How To Understand Your Customers Better With A ‘360-Degree’ Big Data View

Organisations are striving to better understand their customers and it’s data, used properly, that makes all the dfference

What do we mean by a 360-degree view?

This is definitely not a new concept. In fact, it’s been around for a very long time but, as Jeff Rothwell, systems engineer at Apache Hadoop-based software firm, Cloudera, explains: “These days, we’re talking about a much broader and richer set of information sources that are now being used to populate a customer 360 profile.”

What do we want from a 360-degree customer view?

Simply put, it’s a real-tcustomer serviceime view of an individual customer at any given point in time.

It’s a profile that cuts across all of your products, systems and channels to market to allow you to ascertain a complete customer journey through your organisation.

For example, JustGiving is looking at data analytics to better understand charitable support and Comic Relief is working on an internal ‘single customer view’ project that will allow them to see what causes people support in terms of both finance and engagement.

Rothwell says: “Once you have that profile in place it will help you to deliver consistent, personalised and relevant content to your customers.”

Why are companies rethinking their approach to customer 360?

Customer expectations have changed significantly. Today customers expect a very different level of experience when they interact with organisations.

They expect a single, consistent interaction with your business as a whole regardless of the channel that they’re interacting with. and they expect those interactions to be both personalised and in the right context, as well as with the right timing. Don’t present an offer at a completely inappropriate time in the customer journey. And then they want that interaction to be relevant.

“They want relevant information and relevant offers put in front of them at the right time and in the right context,” adds Rothwell. “That’s their expectation. Sometimes that expectation is called the customer segment of one.”


How can organisations go about creating the segment of one?

With great difficulty. And that difficulty generally falls into four key areas.

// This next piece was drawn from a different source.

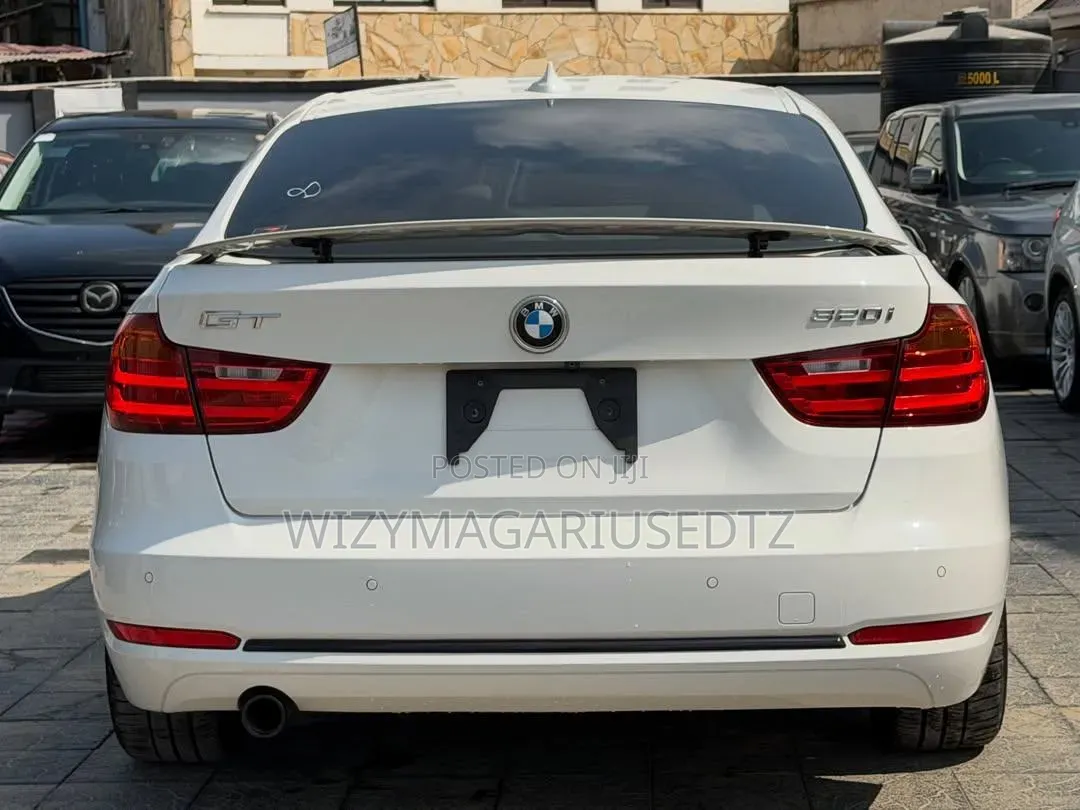 BMW 3 Series 2013 White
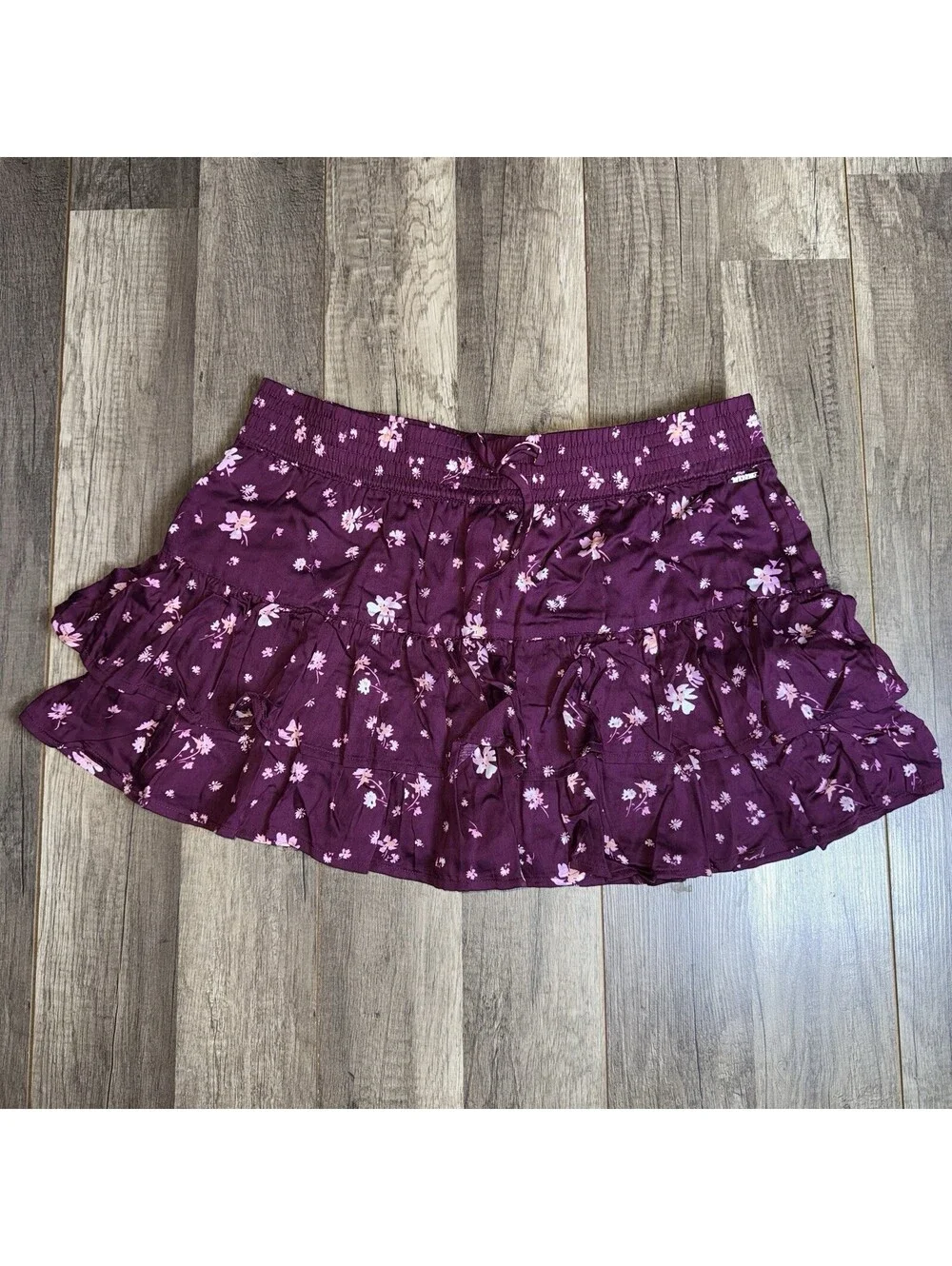 Victoria's Secret PINK Wild Rose Satin Ruffle Skort burgundy Floral Size Medium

1. The propensity of ‘data silos’

Data that’s fragmented and located in multiple applications and systems is causing organisations all sorts of headaches.

2. Data volumes

The sheer volume now of all the data flowing from an organisation is at a completely different scale than it was even two years ago.

3. New data sources

We’ve got lots of new data sources – data sources that we never really knew or expected to have to handle. We have semi-structured data and multi-structured data, we have streaming and real-time data. All this new data is actually very important if we’re going to build a true 360 degree profile.

4. Infrastructure

Even if you think you can handle all of these different data silos and all he different types of data, and the sheer volume of data, to do it with your existing infrastructure is probably going to be prohibitively expensive.

How can you overcome these challenges?

Organisations spanning all industries are in pursuit of Customer 360, which aims to integrate and enrich customer information across multiple channels, systems, devices and products in order to improve the interaction experience and maximise the value delivered.

Rothwell says: “At Cloudera we have an Enterprise Data Hub. It’s a capability that allows organisations to ingest data from any source on any system, and to be able to store that data in practically unlimited amounts in a reliable and cost-effective manner. Then you can process that data from one uniformed platform. It’s completely underpinned by the Apache Hadoop infrastructure. It allows you to build multiple tailored application on the same Enterprise Data Hub and, because it’s one platform, as you increase the workflows on that platform, the overall ROI starts to improve.”